NEW YORK ( TheStreet) -- Mutual funds in the large-growth category have taken investors on a rough ride in recent years.

During the turmoil of 2008, the average fund in the group lost 40.7%, lagging the S&P 500 by 3.7 percentage points, according to Morningstar. As investors worried about the euro crisis in 2011, the funds lost 2.5%, trailing the S&P by more than 4 percentage points.

For steadier performance, consider two intriguing mutual funds, Gerstein Fisher Multi-Factor Growth Equity ( GFMGX) and Rydex S&P 500 Pure Growth ( RYLGX). The funds have outdone their average peers and excelled in downturns. While they follow different strategies, both funds have succeeded by tilting toward the smaller members of the large-growth stock universe.

Gerstein Fisher is an actively managed fund that uses a computerized model.
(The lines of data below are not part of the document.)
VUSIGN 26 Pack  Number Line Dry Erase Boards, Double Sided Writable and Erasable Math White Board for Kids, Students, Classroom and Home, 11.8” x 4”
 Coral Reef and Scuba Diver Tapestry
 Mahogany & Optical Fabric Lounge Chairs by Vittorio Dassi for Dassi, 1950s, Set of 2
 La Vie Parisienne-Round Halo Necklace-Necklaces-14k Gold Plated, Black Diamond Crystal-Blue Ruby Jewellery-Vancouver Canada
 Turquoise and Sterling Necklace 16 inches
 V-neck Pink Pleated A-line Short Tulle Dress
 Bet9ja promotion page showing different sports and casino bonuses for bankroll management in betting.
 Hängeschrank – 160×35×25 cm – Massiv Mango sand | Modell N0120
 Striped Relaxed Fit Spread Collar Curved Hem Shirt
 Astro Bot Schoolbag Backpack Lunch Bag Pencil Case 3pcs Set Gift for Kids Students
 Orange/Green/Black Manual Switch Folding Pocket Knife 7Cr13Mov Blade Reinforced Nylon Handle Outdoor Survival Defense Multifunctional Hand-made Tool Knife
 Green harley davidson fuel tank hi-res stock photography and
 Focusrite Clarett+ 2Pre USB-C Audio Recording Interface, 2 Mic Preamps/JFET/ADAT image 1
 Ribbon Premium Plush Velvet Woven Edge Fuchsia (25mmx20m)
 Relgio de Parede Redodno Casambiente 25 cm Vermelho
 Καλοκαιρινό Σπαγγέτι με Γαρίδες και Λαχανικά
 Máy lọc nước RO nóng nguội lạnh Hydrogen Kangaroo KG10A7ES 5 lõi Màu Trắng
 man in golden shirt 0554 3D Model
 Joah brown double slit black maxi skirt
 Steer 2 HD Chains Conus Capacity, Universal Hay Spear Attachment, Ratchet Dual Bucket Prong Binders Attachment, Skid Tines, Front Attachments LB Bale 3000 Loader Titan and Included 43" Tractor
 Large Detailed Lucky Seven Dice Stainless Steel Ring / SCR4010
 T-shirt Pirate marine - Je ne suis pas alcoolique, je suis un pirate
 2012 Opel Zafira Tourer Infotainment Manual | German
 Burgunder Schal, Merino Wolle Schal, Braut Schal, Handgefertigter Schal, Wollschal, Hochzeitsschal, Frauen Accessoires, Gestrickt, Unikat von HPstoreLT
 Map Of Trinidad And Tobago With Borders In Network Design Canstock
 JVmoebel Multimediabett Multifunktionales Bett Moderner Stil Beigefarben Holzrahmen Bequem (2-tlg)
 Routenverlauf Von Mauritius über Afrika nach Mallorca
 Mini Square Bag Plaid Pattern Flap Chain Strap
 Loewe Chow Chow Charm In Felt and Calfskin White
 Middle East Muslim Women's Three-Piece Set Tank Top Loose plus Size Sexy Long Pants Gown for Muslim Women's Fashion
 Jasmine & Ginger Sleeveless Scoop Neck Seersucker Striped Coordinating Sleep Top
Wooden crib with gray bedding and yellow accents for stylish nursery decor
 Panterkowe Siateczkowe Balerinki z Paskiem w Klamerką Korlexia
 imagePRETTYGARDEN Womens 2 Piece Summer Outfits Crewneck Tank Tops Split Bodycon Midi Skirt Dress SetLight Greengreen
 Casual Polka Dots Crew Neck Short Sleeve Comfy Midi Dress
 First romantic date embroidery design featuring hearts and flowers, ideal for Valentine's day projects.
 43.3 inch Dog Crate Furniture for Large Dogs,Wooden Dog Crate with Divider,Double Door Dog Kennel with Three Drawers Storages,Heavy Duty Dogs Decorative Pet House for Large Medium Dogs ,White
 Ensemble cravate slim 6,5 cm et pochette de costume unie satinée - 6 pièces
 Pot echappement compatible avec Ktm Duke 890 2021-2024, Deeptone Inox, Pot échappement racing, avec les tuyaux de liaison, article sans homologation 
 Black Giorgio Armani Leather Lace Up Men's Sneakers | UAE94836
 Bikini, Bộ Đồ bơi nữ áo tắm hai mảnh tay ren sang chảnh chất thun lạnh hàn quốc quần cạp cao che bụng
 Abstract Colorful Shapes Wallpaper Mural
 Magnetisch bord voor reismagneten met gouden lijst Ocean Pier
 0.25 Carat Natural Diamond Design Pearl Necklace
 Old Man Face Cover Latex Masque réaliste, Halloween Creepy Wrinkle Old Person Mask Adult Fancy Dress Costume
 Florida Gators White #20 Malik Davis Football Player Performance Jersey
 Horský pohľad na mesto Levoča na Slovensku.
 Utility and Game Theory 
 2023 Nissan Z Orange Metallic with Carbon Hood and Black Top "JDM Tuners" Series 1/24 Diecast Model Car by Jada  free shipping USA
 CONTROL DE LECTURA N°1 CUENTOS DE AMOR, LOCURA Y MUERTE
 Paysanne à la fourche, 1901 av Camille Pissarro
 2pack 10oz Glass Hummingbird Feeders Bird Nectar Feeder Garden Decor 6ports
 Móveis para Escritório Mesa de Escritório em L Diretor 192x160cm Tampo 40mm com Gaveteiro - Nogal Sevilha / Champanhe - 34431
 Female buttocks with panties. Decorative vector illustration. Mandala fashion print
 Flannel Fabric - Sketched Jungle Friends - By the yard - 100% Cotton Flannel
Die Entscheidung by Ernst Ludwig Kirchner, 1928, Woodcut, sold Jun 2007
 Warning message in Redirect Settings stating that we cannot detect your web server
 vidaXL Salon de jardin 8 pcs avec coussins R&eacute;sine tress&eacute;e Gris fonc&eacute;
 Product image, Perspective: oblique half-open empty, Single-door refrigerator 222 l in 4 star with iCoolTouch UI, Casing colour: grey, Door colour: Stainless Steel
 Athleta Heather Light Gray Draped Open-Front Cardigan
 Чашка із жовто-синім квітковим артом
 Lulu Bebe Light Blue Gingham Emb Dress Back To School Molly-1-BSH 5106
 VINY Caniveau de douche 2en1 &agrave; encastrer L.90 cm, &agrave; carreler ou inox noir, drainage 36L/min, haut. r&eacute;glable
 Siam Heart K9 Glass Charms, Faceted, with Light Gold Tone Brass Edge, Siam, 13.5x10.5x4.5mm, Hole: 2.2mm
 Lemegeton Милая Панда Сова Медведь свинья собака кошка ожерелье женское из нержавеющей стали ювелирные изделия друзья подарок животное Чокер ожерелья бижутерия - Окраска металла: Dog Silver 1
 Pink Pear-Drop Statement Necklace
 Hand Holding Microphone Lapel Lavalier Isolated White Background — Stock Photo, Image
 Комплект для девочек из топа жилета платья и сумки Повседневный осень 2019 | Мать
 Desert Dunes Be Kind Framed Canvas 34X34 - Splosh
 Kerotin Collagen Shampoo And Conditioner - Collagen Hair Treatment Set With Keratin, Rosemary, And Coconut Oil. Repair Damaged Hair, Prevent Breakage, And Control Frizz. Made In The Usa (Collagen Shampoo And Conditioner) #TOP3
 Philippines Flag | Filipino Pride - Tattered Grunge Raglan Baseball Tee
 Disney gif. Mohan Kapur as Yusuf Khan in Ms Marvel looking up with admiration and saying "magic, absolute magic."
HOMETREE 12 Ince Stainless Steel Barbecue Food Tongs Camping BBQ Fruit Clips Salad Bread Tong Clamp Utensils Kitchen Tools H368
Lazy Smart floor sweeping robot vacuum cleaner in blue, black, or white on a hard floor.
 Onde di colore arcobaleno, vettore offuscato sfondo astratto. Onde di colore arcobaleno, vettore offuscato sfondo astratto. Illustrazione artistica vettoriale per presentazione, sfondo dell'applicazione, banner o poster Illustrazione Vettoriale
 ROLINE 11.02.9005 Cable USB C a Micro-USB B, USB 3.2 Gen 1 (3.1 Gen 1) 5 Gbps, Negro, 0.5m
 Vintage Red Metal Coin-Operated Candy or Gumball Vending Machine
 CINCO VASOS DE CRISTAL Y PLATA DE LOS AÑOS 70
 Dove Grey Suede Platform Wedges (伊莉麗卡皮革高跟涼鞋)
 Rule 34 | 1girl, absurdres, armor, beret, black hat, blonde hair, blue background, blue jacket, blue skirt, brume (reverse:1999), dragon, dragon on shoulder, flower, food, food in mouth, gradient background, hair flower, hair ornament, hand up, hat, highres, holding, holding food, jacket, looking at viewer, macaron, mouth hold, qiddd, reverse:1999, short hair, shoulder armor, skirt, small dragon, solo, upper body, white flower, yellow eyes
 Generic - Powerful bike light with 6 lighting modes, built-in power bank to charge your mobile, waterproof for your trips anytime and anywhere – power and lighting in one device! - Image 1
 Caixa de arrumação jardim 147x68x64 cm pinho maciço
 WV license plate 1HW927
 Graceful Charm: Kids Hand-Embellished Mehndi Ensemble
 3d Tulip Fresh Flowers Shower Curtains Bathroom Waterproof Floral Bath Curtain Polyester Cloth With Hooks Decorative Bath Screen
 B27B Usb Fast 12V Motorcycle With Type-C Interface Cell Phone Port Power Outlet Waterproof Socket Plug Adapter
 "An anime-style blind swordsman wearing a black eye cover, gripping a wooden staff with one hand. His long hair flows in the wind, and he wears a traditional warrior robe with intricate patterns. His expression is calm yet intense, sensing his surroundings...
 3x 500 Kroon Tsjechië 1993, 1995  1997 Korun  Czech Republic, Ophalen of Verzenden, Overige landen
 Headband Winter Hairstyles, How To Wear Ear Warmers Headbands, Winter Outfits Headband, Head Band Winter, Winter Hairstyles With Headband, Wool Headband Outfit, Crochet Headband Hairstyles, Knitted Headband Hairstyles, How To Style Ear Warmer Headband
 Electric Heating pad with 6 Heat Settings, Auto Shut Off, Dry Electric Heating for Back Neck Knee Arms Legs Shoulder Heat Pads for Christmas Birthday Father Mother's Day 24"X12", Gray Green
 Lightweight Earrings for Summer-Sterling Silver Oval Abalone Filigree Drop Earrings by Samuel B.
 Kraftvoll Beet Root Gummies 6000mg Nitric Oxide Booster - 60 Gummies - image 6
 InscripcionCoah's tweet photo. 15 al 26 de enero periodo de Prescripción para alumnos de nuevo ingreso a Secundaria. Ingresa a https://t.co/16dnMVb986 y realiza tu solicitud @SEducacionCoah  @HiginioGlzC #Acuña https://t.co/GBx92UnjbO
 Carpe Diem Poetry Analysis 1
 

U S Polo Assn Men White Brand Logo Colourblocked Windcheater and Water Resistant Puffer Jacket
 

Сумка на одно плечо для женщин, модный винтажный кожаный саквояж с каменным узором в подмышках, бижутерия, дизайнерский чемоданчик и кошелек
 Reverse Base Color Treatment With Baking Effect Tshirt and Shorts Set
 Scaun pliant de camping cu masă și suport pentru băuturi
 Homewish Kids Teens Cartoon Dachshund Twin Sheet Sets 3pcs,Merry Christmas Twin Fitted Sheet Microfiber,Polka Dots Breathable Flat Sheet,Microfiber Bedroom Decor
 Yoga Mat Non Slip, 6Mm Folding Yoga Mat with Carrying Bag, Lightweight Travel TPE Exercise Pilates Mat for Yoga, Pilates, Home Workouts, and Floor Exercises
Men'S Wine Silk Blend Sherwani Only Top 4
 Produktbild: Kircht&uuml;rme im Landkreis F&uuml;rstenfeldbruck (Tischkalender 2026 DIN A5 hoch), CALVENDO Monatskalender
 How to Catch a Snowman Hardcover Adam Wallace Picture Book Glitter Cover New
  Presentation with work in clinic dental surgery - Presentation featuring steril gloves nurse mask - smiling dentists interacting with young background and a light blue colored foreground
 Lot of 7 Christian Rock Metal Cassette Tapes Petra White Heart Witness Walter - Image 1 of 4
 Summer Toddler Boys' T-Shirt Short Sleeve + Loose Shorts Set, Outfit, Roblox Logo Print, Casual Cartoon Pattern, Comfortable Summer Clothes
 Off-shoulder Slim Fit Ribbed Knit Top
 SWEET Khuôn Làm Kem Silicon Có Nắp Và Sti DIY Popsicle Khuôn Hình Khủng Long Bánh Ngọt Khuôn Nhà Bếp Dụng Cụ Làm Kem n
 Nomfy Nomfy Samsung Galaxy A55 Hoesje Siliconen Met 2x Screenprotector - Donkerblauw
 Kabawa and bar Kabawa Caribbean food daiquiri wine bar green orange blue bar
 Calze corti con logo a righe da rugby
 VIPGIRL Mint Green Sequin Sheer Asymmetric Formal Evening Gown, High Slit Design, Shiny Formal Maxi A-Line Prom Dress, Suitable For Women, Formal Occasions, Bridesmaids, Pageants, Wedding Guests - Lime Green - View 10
During the past three years, the fund returned 12.5% annually, outdoing 82% of peers.

Portfolio manager Gregg Fisher starts with a broad collection of large growth stocks. To boost results, he underweights the biggest stocks. The strategy is based on studies showing that small stocks outdo large ones over time.

The average stock in his portfolio has a market value of $20.1 billion, compared with $37.6 billion for competing funds. To maintain diversification, he does not allow any stock to account for more than 5% of the portfolio. "When Apple ( AAPL) rose to be more than 5% of the benchmark, we underweighted it," he says.

Besides tilting away from the biggest stocks, Fisher eliminates some of the most expensive names in the group. As a result, Fisher's portfolio has a price-to-earnings ratio of 13.9, compared with 18.7 for the average fund in the category. The idea is that shares with high P/E ratios tend to be volatile high-flyers that can crash suddenly. Many studies have shown that expensive stocks underperform.

Fisher overweights momentum stocks, which have rising prices. The strategy is based on the idea that momentum stocks tend to keep rising, while declining issues continue to underperform. "Investors like to buy winners," he says. "So momentum stocks have worked well in markets around the world for the last 50 years."